Regression with Time Series Data

Natasha Kang

Xiamen University, Chow Institute

March, 2026

What We Have Modeled So Far

So far in this course, we have focused on the dynamics of a single time series.

AR, MA, and ARIMA models ask questions such as:

How persistent is this variable?
How do shocks propagate over time?
How much of today can be explained by the past?

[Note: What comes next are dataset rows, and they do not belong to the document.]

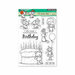Penny Black - Full Bloom - Clear Photopolymer Stamps - Its Your Day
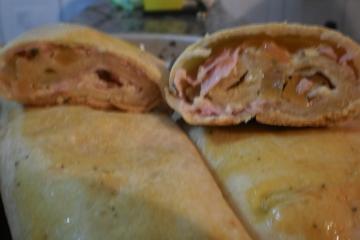 Pão Caseiro Recheado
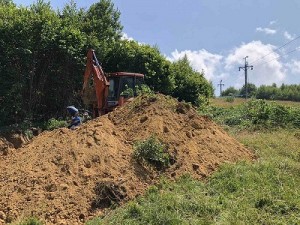 MORTAL REMAINS OF FOUR PERSONS FOUND DURING EXHUMATION AT ROSTOVO SITE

These models describe internal dynamics — how a variable evolves on its own.

What ARIMA Leaves Out

Univariate time series models, such as ARIMA, describe how a variable evolves based on its own past.

They do not incorporate information from other observed variables.

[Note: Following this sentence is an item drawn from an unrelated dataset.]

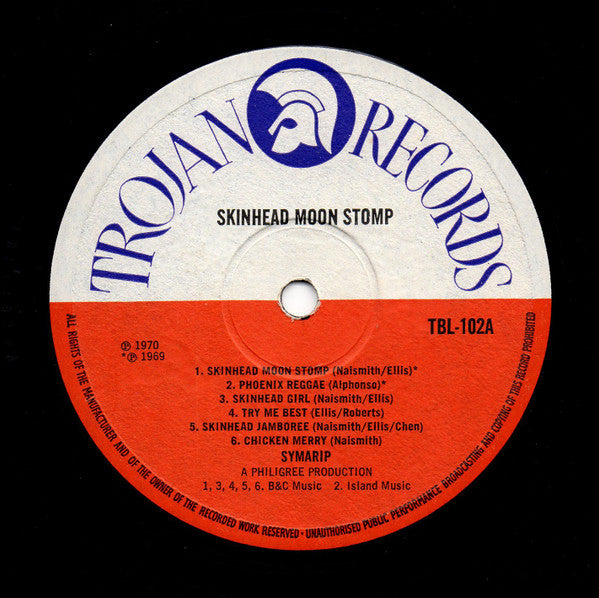Symarip : Skinhead Moonstomp (LP, Album)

For example, when income and consumption are observed over time, one may ask:

How are movements in income related to movements in consumption over time?

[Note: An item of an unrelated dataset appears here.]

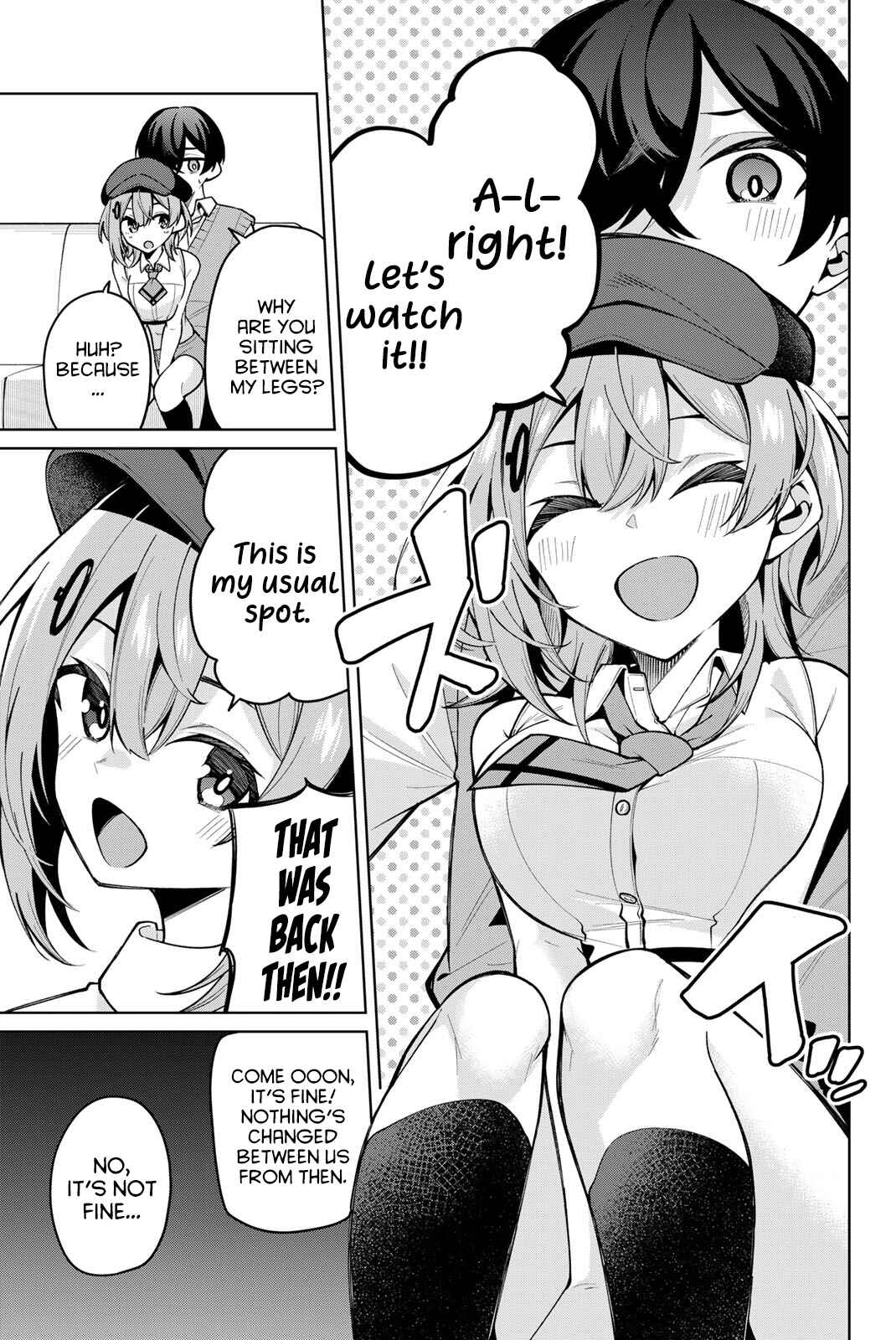 Page 3 Chapter 31.5 Isshou Watashi no Joshu de ite!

Regression provides a simple way to summarize such relationships.

Regression with Time Series Data

We extend univariate time series models by allowing the outcome to depend on other observed variables.

In general, we consider linear regressions of the form

\[y_t = x_t' \beta + u_t , \quad t = 1, \ldots, T. \]

Here:

\(y_t\) is the time series of interest
\(x_t\) is a vector of observed regressors
\(u_t\) collects all other influences not explicitly modeled

Since all variables are time series, they may exhibit dependence over time.

Estimation via OLS

OLS: \[ \hat\beta = \Big(\sum_{t=1}^T x_t x_t'\Big)^{-1} \Big(\sum_{t=1}^T x_t y_t\Big). \]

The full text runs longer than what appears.